» **Problem to work on**: In the listing below, print exactly the lines between the line holding "Обучение психотерапии. Как" and the line holding "渡辺未優　凛とした清純　 [DVD]", inclusive, and no more.
[Opening Dataset records section]
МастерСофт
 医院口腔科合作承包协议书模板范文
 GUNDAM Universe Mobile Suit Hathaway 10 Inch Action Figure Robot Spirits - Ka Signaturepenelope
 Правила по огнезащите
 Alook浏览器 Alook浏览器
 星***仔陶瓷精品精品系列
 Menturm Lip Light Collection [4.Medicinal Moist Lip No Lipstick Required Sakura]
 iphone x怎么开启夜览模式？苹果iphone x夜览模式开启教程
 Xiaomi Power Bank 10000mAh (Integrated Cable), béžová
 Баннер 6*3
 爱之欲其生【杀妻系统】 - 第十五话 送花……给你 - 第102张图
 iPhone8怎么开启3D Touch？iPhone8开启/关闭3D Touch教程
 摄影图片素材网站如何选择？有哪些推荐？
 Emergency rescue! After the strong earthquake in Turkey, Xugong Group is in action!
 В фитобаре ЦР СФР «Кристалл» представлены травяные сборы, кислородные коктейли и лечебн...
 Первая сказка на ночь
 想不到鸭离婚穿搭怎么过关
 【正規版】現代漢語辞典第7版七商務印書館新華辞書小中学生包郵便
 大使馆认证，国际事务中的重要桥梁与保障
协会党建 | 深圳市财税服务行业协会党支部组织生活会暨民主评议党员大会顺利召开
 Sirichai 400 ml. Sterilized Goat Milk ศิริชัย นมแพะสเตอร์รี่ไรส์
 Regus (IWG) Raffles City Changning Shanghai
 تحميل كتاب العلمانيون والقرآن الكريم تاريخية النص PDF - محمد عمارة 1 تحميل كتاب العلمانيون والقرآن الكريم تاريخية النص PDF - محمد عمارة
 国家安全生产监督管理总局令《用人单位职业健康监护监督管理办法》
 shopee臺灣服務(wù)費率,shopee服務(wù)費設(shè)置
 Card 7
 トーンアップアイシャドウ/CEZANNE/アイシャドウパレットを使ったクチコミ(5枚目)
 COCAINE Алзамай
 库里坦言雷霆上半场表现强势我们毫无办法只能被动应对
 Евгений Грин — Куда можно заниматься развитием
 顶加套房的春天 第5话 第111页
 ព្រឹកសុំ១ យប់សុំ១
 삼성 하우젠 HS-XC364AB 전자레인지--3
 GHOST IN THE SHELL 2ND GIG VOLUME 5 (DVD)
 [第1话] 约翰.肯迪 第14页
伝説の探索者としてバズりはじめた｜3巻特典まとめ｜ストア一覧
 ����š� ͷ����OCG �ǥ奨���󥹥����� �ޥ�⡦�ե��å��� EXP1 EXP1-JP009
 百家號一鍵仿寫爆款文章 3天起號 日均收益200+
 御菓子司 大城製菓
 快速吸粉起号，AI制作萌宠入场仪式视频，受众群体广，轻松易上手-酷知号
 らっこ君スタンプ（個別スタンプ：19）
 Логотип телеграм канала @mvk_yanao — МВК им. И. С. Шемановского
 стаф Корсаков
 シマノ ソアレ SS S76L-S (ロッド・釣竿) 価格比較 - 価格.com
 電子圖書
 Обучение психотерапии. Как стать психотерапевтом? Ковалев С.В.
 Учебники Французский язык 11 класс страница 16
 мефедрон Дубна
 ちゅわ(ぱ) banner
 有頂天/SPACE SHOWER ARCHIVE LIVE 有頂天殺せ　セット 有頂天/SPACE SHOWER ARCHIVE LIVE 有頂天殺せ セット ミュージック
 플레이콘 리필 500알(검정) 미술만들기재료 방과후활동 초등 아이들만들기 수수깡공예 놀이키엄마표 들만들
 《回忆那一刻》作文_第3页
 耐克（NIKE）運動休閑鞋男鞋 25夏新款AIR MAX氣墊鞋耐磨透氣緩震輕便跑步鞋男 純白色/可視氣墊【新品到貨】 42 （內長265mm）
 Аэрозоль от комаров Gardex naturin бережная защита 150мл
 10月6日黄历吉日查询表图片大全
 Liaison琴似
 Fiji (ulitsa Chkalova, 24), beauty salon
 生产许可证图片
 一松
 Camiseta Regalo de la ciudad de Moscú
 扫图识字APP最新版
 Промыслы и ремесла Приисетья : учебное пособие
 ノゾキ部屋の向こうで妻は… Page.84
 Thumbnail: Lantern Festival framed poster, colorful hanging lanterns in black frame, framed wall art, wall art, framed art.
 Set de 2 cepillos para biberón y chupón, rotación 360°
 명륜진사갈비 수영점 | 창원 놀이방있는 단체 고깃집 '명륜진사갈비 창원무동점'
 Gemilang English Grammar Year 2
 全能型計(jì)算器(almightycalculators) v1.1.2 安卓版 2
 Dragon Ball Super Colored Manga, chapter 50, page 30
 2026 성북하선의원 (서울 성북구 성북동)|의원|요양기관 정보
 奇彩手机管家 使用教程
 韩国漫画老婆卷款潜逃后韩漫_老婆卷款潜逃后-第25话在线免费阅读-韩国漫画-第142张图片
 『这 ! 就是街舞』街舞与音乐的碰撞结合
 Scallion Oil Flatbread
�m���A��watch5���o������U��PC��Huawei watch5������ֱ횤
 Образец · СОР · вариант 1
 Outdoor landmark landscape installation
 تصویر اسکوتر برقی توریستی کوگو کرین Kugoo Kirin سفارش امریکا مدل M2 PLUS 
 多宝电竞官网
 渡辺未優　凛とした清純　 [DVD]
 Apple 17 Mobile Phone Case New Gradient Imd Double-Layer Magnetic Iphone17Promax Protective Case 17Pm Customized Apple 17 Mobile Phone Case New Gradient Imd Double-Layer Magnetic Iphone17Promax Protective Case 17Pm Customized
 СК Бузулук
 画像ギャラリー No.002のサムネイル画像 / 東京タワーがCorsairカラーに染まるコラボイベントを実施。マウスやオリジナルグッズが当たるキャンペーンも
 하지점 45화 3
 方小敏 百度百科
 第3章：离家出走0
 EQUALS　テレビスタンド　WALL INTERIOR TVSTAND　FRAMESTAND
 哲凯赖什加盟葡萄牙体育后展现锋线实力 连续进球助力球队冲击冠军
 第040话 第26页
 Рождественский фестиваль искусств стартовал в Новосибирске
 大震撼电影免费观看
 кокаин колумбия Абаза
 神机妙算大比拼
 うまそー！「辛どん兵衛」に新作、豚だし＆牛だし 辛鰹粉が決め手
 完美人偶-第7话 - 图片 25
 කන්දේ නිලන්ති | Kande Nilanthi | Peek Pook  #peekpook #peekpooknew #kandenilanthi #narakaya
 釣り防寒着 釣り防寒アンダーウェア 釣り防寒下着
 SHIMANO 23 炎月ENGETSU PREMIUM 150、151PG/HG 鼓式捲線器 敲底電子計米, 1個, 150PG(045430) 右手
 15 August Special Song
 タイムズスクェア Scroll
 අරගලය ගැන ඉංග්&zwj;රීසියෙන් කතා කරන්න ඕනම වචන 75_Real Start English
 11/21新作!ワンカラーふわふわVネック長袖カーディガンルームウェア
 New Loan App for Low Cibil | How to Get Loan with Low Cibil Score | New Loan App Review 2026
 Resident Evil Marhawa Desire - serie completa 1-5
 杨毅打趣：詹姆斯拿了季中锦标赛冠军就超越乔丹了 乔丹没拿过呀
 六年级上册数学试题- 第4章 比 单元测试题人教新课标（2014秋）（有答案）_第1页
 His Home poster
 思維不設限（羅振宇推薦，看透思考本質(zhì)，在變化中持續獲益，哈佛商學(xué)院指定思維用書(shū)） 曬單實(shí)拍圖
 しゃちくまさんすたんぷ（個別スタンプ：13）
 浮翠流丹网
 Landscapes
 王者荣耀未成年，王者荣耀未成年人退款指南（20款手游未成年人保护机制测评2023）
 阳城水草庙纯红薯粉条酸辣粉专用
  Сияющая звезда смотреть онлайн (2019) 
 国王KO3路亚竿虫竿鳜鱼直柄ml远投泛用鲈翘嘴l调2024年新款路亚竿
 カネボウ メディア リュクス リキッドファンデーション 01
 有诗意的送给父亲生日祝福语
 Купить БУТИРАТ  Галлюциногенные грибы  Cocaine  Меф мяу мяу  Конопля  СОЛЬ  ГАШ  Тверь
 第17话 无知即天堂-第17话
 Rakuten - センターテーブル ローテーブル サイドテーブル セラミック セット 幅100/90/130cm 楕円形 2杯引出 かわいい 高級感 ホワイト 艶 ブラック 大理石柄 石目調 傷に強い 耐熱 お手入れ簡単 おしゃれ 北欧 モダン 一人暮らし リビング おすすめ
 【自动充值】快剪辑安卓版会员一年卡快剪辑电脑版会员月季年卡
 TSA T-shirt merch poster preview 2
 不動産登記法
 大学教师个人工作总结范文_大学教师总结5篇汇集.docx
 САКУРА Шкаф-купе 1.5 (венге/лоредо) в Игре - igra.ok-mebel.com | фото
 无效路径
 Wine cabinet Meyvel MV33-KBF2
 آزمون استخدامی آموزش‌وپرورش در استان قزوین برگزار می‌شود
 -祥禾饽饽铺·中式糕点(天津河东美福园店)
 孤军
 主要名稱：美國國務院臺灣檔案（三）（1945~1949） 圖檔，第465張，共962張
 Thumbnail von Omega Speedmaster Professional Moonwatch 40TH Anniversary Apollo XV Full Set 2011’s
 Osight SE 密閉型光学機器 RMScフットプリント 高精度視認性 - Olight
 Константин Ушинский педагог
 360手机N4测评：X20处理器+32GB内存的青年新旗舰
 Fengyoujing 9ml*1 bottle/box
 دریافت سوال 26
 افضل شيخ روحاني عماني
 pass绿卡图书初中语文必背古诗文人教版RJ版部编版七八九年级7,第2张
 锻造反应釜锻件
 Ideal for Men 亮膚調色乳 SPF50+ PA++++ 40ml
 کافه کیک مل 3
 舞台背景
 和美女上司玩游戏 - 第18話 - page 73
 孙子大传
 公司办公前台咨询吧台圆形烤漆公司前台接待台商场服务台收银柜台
[Closing Dataset records section]
» **Result for this exercise**:
 Обучение психотерапии. Как стать психотерапевтом? Ковалев С.В.
 Учебники Французский язык 11 класс страница 16
 мефедрон Дубна
 ちゅわ(ぱ) banner
 有頂天/SPACE SHOWER ARCHIVE LIVE 有頂天殺せ　セット 有頂天/SPACE SHOWER ARCHIVE LIVE 有頂天殺せ セット ミュージック
 플레이콘 리필 500알(검정) 미술만들기재료 방과후활동 초등 아이들만들기 수수깡공예 놀이키엄마표 들만들
 《回忆那一刻》作文_第3页
 耐克（NIKE）運動休閑鞋男鞋 25夏新款AIR MAX氣墊鞋耐磨透氣緩震輕便跑步鞋男 純白色/可視氣墊【新品到貨】 42 （內長265mm）
 Аэрозоль от комаров Gardex naturin бережная защита 150мл
 10月6日黄历吉日查询表图片大全
 Liaison琴似
 Fiji (ulitsa Chkalova, 24), beauty salon
 生产许可证图片
 一松
 Camiseta Regalo de la ciudad de Moscú
 扫图识字APP最新版
 Промыслы и ремесла Приисетья : учебное пособие
 ノゾキ部屋の向こうで妻は… Page.84
 Thumbnail: Lantern Festival framed poster, colorful hanging lanterns in black frame, framed wall art, wall art, framed art.
 Set de 2 cepillos para biberón y chupón, rotación 360°
 명륜진사갈비 수영점 | 창원 놀이방있는 단체 고깃집 '명륜진사갈비 창원무동점'
 Gemilang English Grammar Year 2
 全能型計(jì)算器(almightycalculators) v1.1.2 安卓版 2
 Dragon Ball Super Colored Manga, chapter 50, page 30
 2026 성북하선의원 (서울 성북구 성북동)|의원|요양기관 정보
 奇彩手机管家 使用教程
 韩国漫画老婆卷款潜逃后韩漫_老婆卷款潜逃后-第25话在线免费阅读-韩国漫画-第142张图片
 『这 ! 就是街舞』街舞与音乐的碰撞结合
 Scallion Oil Flatbread
�m���A��watch5���o������U��PC��Huawei watch5������ֱ횤
 Образец · СОР · вариант 1
 Outdoor landmark landscape installation
 تصویر اسکوتر برقی توریستی کوگو کرین Kugoo Kirin سفارش امریکا مدل M2 PLUS 
 多宝电竞官网
 渡辺未優　凛とした清純　 [DVD]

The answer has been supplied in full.